Bridgette1129 Posted 5 Mar 2012 , 2:26am
post #5 of 7
Quote:
Originally Posted by CCSP

I am just stating out and have some questions about pricing and I have gotten many different answers.
Some say to take your ingredients and supplies and multiply by 4
Others say to charge for ingredients and supplies and then charge by the hour (But what is fair - I am currently charging $12/hr)
Or to charge by the serving. I am in Ontario and wondering what is fair. Currently I am charging $3.50 and up

Any help or suggestions would be greatly appreciated.




Ingredients x 4 doesn't work because you are not accounting for accurate labor. You need to add up supplies + ingredients + overhead (rent, electricity, etc) + labor then add 20% (or whatever you choose) for profit on top of that.

Charging by the serving is just a matter of how you write it. Once you use the formula to find out your price, you can charge by the cake or the serving. So a 8" cake would be $40 or $1.66 per serving. (24 servings) I just made this number up, btw.
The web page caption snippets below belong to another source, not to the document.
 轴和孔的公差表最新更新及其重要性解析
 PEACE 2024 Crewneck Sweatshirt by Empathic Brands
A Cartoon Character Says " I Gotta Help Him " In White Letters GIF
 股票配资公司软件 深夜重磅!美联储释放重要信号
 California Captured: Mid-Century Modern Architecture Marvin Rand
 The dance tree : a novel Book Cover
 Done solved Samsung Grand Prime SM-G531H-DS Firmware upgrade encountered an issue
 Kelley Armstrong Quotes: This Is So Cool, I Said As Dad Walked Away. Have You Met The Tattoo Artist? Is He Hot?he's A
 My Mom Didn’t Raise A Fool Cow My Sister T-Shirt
scp1127 Posted 5 Mar 2012 , 8:36am
post #6 of 7

This is the true business model and the only true way to arrive at price. Argue if you want, but it has been the model since commerce and trade began.

Gather every bit of info about your competition, including buying their product and eating it.

Compare all cometitors including yourself. Compare flavor and price first. Now be brutally honest or you are only kidding yourself. Put yourself in the mix and derive a price based on where you fit. Now you have a preliminary price.

Now add up every cost. Subtract that cost from the fair market price and that is the amount you get as income and profit, pre-tax. If you like the number, great. If you don't, then your quality needs to come up or your expenses need to go down.

You can take into consideration special circumstances that will up or lower that price. Convenience, credit cards, longer hours, flavor options, etc. But be sure to credit these to your competitors too if they have these assets.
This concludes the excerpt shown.